As for corn flour ("masa harina" for corn tortillas), we used to be able to find it at Metro Supermarket in Market! Market! in Bonifacio Global City, but they stopped stocking it a few months ago; the manager always says they are "waiting for a new shipment" but I don't think that's going to happen. 

A cousin of my wife finally informed us that there's an Indian restaurant in Makati that also has a little shop that sells a few groceries and they stock corn flour. I can't think of the address right off hand, but I'll look for it and post in this thread when I find it. 

For your hotdogs, are you looking for the cheaper "Bar S" (which I find to be the best even though it's the "cheap" brand in the States) or are you looking for the plumper "Ballpark Frank" style hotdog? If it's the plumper kind like you find in a concession stand then you might like the Johnsonville franks; you can probably find them in any SM. 

Not sure where you can get a cake; usually just make my own. Do you have an oven (not so common around here); if so you can get boxed mixes in the ground floor of Market Market at the American Imports store... they have the typical Pillsbury brand cake mixes for cheap down there.

Are you wanting dried black beans or canned black beans? If you want them in the big cans you can get them in the same stores I mentioned above.. if you're wanting dried black beans, have you tried looking in the local markets around where you are? They usually have giant sacks of popcorn and dried beans of every kind (navy, pinto, black, kidney, etc)


----------



## HondaGuy

Have you tried S&R warehouse club? The one I used to shop at was in Fort Bonifacio next to the St Lukes and they had lots of stuff there (foreigner foods, real Q-tips, 2 gallon jar of pickles, etc) that I couldn't find anywhere else.

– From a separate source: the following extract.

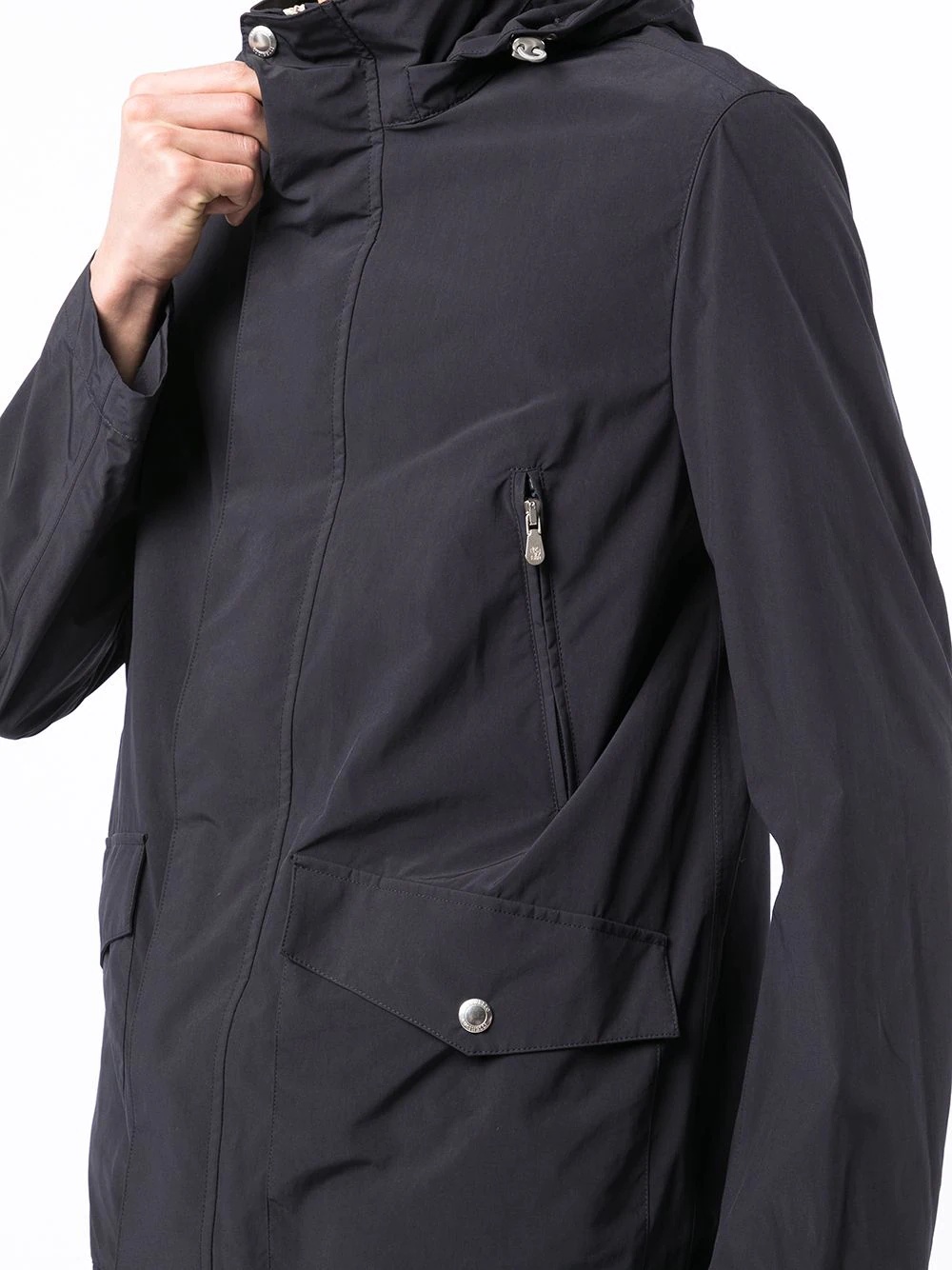 long-sleeve hooded rain jacket - 5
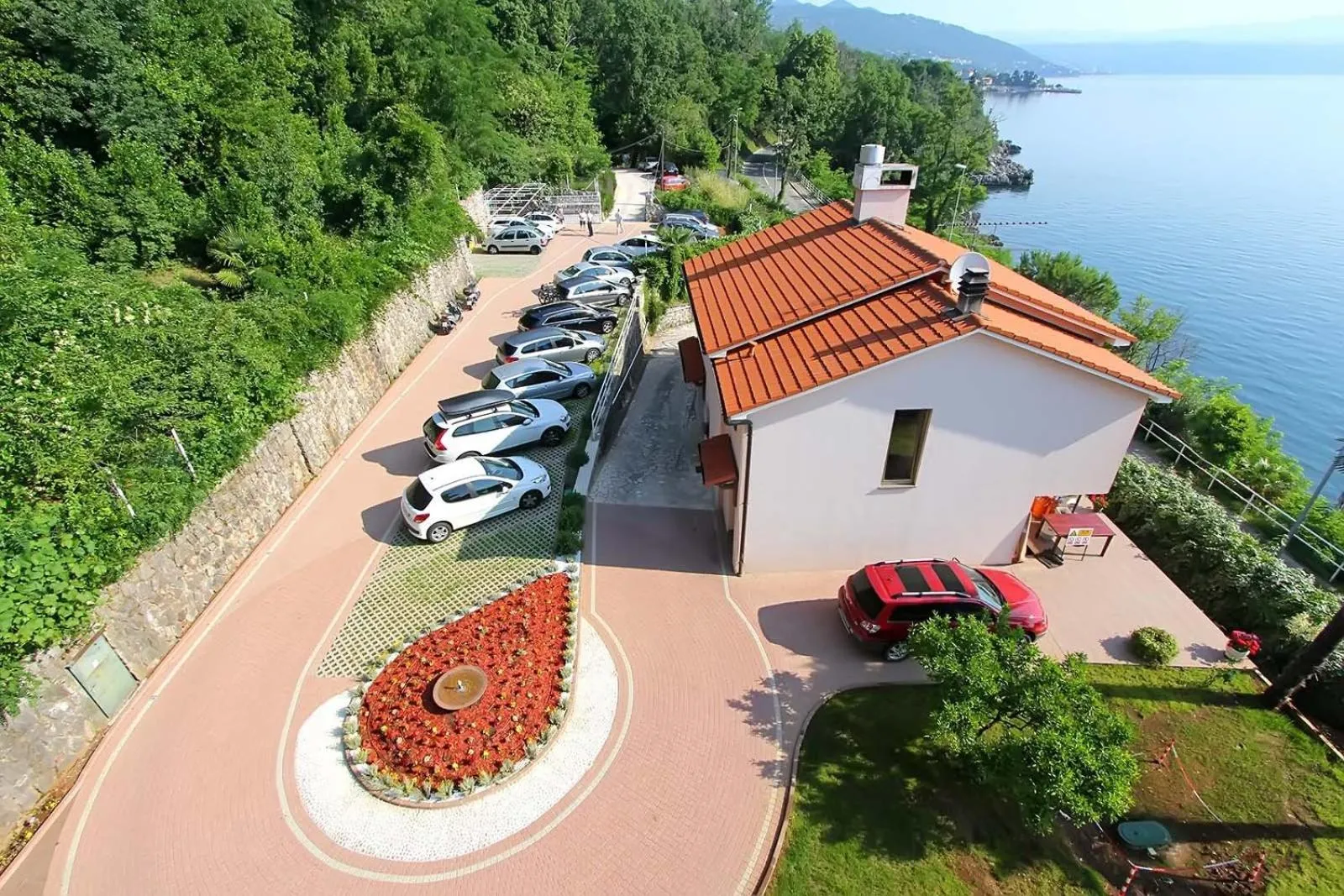 Bird's eye view in Hotel Stanger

Its a warehouse club like Sam's Club or Costco in the US and costs somewhere around p600 to join for a year. Well worth it in my opinion.


----------



## M.C.A.

Thank you for the quick reply! 

I guess I want to make corn bread so I better find out what I need to make that, I will check into the options you listed, I live way out deep in Laguna so black beans dry are hard to find, they do sell smaller beans that can be used for chili and they very cheap and fresh and take only 1-2hrs to cook, they have a red bean that looks identical to the kidney beans here in the small market I need to see if they sell black ones also, the Black beans I have found are from here "hard to find" and from the US, much more expensive and the small packages they sell in at the grocery are too small for the price. 

They sell corn feeds for the animals here and I once got so hungry for corn bread that I tried it and it failed horibbly, it looked good though. Now I know why nobody in the area I live had a clue what corn flour was or corn meal, it's a rare item to find it looks like.

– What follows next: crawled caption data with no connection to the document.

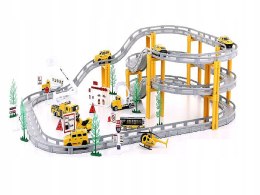 DUŻY TOR WYŚCIGOWY 495 CM METALOWE AUTKA 55720Ż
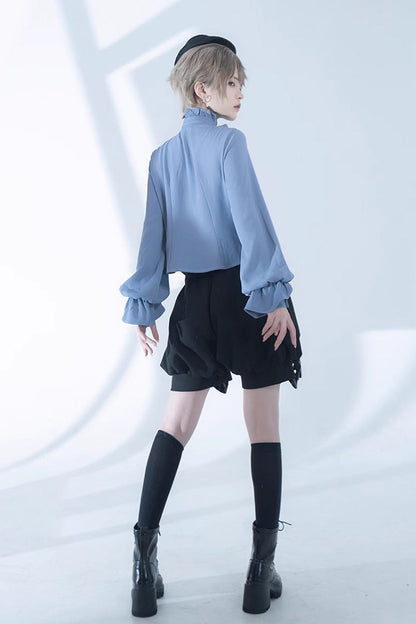Blue Narrative Maxim Long Sleeves Ouji Fashion Gothic Lolita Blouse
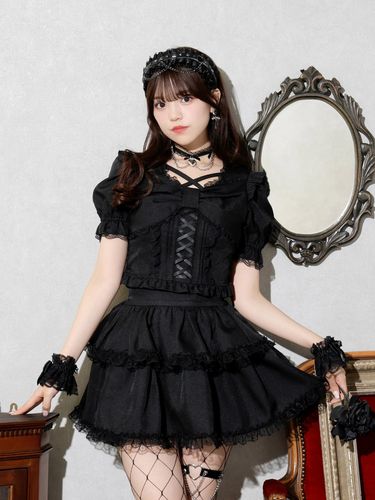 ラッフルフリルドレッシーフレアセットアップ（セットアップ｜ピンク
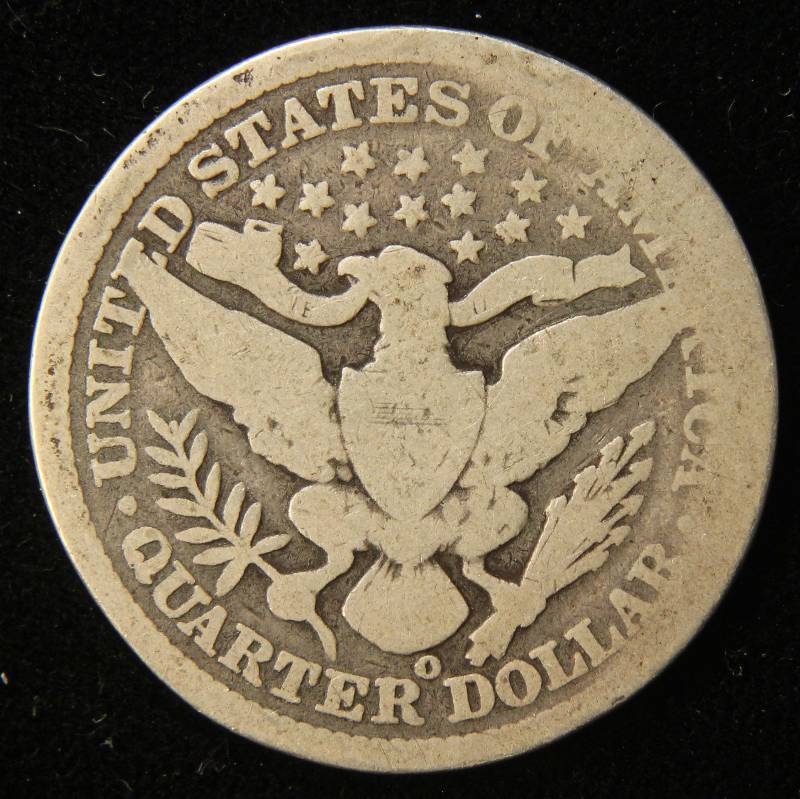 1899-O BARBER SILVER QUARTER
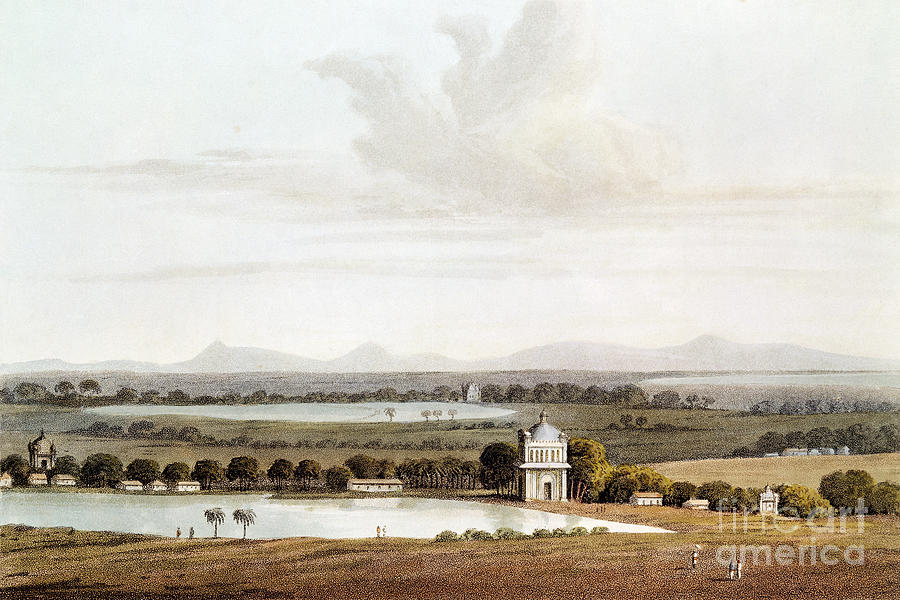 Second View Looking North From The Pagoda Near Conjeveram Painting by James Wathen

I got response on the corn flour from a different board a lady had given me this address as a possible spot: Landmark at Trinoma Edsa, I don't live anywhere close to that spot but maybe on your next outing you might have good news.

I do need an electric oven, I have two gas ovens, one electric burner each and I'm getting tired of using them for anything, they require so much maintenance and pain, at the time I bought them they worked good because the electrical power wasn't as solid as it is now.

I need to shop at multiple grocery spots because some like "Goodwill" small chain here, have great ground meats for making Jimmy Dean style sausages (My recipe is real close) but when it comes to bread I need to shop at a larger grocery or the bread tastes like soap!

I may try to make a run to Manila again this year and this time take the bus, to rent the van and driver it's almost 4,000 peso's and I need to watch my budget, I live in the area of the Pagsajan water fall spot but right now I want to remain anonymous as to my location because actually I'm the only white man here, I need to keep my guard up online and here, I will try and share a few stories on that later.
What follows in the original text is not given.